英文:
Binary-search with duplicate elements in array
问题
以下是您要翻译的内容:
我想要在重复元素的列表中找出是否存在单个元素。
对于这段代码:
private static int findDuplicate(int array[]) {
int low = 0;
int high = array.length - 1;
while (low <= high) {
int mid = (low + high) >>> 1;
int midVal = array[mid];
if (midVal == mid)
low = mid + 1;
else
high = mid - 1;
}
return high;
}
它可以找到重复的数字,但我想要找到重复且排序数组中的单个数字。
例如,对于这个 int[] 输入:
[1,1,2,2,3,3,4,5,5]
输出将是 '4'。
或者对于这个 int[] 输入:
[1,1,2,2,3,4,4,5,5,6,6]
输出将是 '3'。
对于这个 int[] 输入:
[1,1,2,7,7,9,9]
输出将是 '2'。
我现在正在使用 Java 进行工作,但任何语言或伪代码都可以。
我知道明显的 O(n) 线性时间遍历方法,但我想看看是否可以通过 O(log n) 二分搜索来实现。

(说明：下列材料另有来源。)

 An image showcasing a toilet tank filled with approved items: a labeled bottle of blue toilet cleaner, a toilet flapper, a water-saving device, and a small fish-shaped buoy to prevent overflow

这些元素是经过排序的,并且只重复两次!我知道用简单循环的方法,但我想通过二分搜索来实现。
英文:
I want find if there is a single element in a list of duplicate elements.
For this code
private static int findDuplicate(int array[]) {
int low = 0;
int high = array.length - 1;
while (low <= high) {
int mid = (low + high) >>> 1;
int midVal = array[mid];
if (midVal == mid)
low = mid + 1;
else
high = mid - 1;
}
return high;
}
It find the duplicate number but I want to find only the single number
in the duplicate and sorted array.
For example, given this int[] input:
[1,1,2,2,3,3,4,5,5]
Output would be '4'.
Or this int[] input:
[1,1,2,2,3,4,4,5,5,6,6]
Output would be '3'.
In this int[] input:
[1,1,2,7,7,9,9]
Output would be '2'.
I'm working in Java now but any language or psuedo-code is fine.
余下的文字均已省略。